One of the handy things about our lectionary is that readings such as our Gospel reading today pop up toward the end of the year. This reading is very handy for sermon fodder as many churches enter their stewardship season.
Most people believe that stewardship season occurs in the Fall because parishes need to solicit pledges and raise funds so they can accurately budget for the coming year. While that may be practically true, it is not historically accurate.
The tradition of Autumnal stewardship drives dates back to when our economy was much more agricultural. Fall is when the crops come in. It was when the farmers were flush with money. It was the perfect time of year to ask for donations.
We generally focus the bulk of our stewardship efforts in the early part of the year. That is when most of our members are present, when they have returned from the northern climes to enjoy our mild winters here.

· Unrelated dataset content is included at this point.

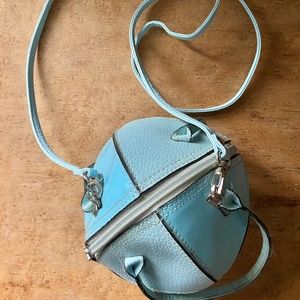 Spherical handbag with handles, strap, interior pocket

But this year is a bit different. As you may known we have had a bit of an interruption in our usual income. All in all we have done fairly well but as we approach the end of our fiscal year we are facing a significant short fall of over $70,000. Some of that is because of lower income. Some of it is because of unexpected expenses like having to replace a large air conditioning unit in the church. So today I ask you focus on a single word in our Gospel reading.

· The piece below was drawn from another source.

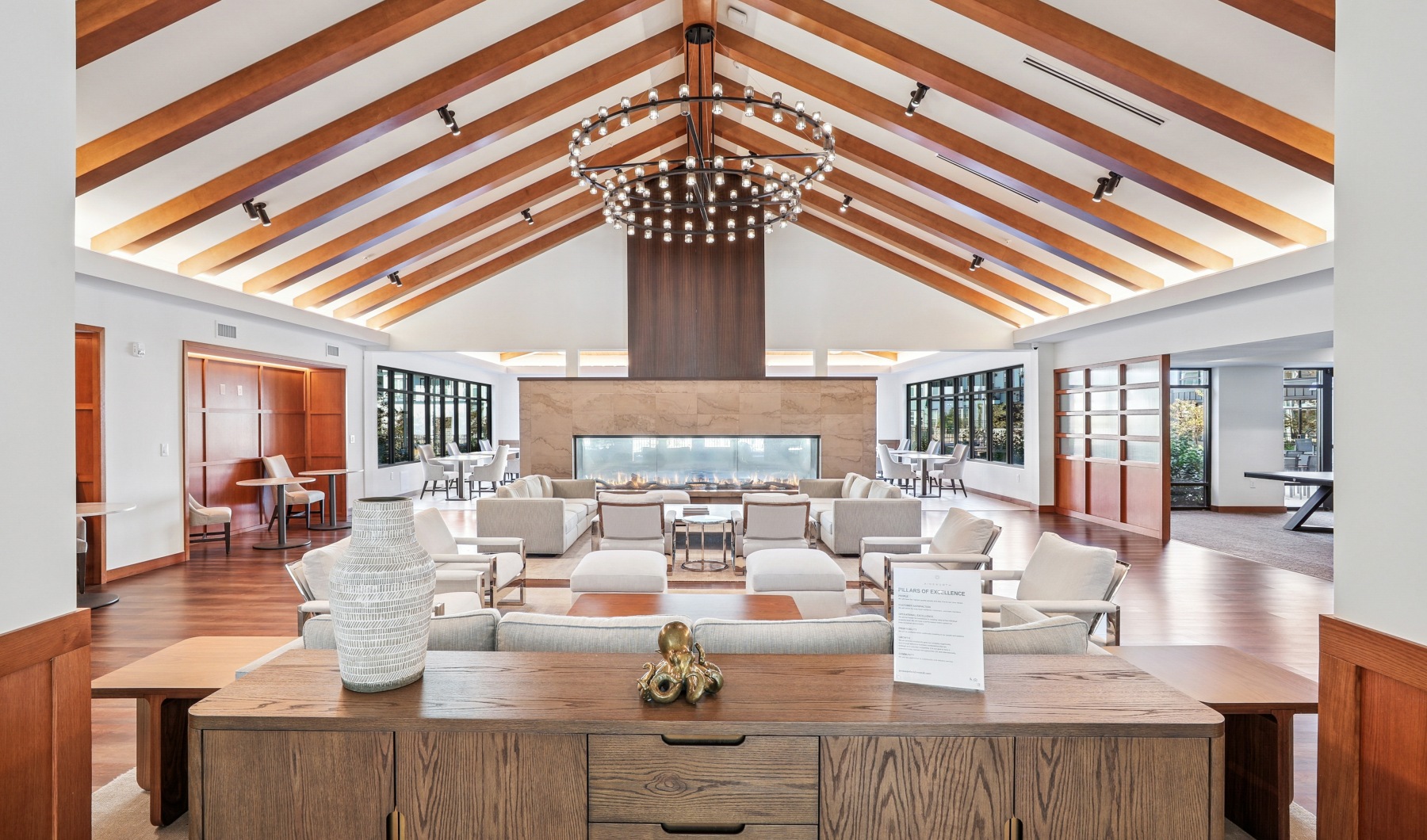 a large clubhouse with seating and a fireplace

Jesus is confronted by some of his critics about Roman taxes. Had Jesus answered positively about them he would have been considered a traitor to his fellow Jews. Had he spoken negatively of them he would have raised the ire of the Romans themselves.

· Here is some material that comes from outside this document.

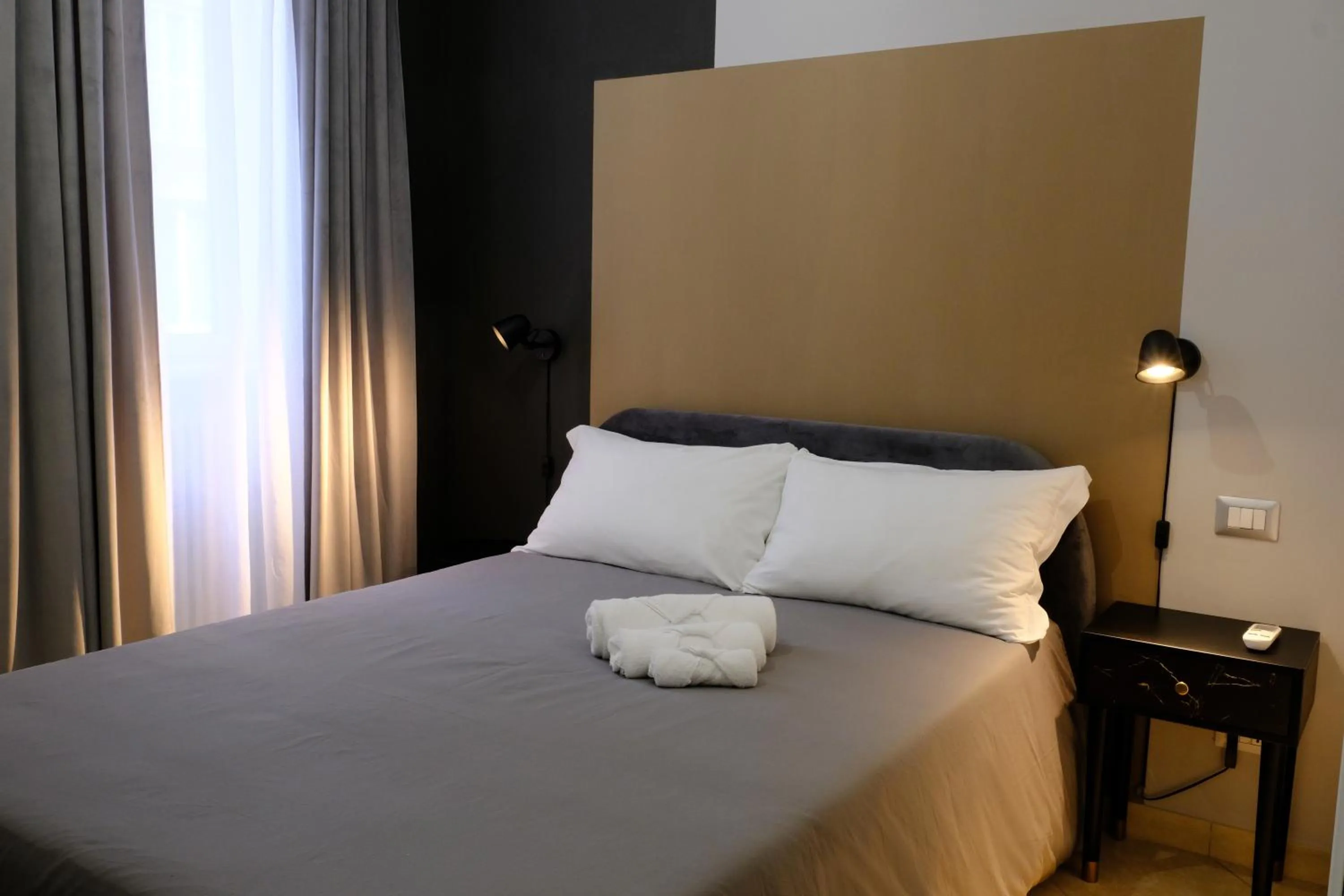 Bed in MATTEOTTI ROOMS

Instead Jesus slyly points out that the Romans are due to what is theirs just as God was due to what is God’s. But notice exactly what Jesus says: “Give therefore to the emperor the things that are the emperor’s, and to God the things that are God’s.” Notice the central verb here: give.
Now in all honesty I do not give taxes. I pay them. I give to St Paul’s. I pay my taxes. I pay my taxes because I am required to do so. I suspect that is true for each of you or else you wouldn’t be here this morning, you would be in a jail cell.
Taxes are a requirement and I have never heard a person proudly and joyfully exclaim, “I just paid my taxes!”
Giving is a choice. It is an expression of support and often stems from a deep sense of gratitude and understanding that we are awash in blessings from God. Quarterly I sit down and write out a rather large check to the US Treasury. I attach it to a bill. Then once a year I sit down to find out that whether I have paid enough and how much I am expected to owe in the next year. Incidentally I have never received a thank you note from the IRS.
Monthly I give to St Paul’s. Weekly I give my energies and share worship at St Paul’s altar. Daily I arise give my time for the health and future of St Paul’s. I do so because I am called by God to do it. In doing so I am thanked by many of you, warmed by your kind words and gracious hearts.
I pay taxes. I give to St Paul’s. I pay for a safe and stable country. I pay for roads and infrastructure. I pay for the support for the stability of our cities and towns. I pay for all this because governments aren't free. I pay to the government what belongs to the government.
But I give to St Paul’s because I know that everything I have, everything I am, everything I can see, hear, taste, feel, smell, everything I can intuit is God’s. I give to God because it all belongs to God anyway. I am just a steward. I am only a manager of the things God has entrusted me to hold for him; therefore I try to hold God’s gifts loosely and gently and faithfully. Sometimes that means I give away what God has given me.
I invite you and ask you to do the same. Please give to St Paul’s.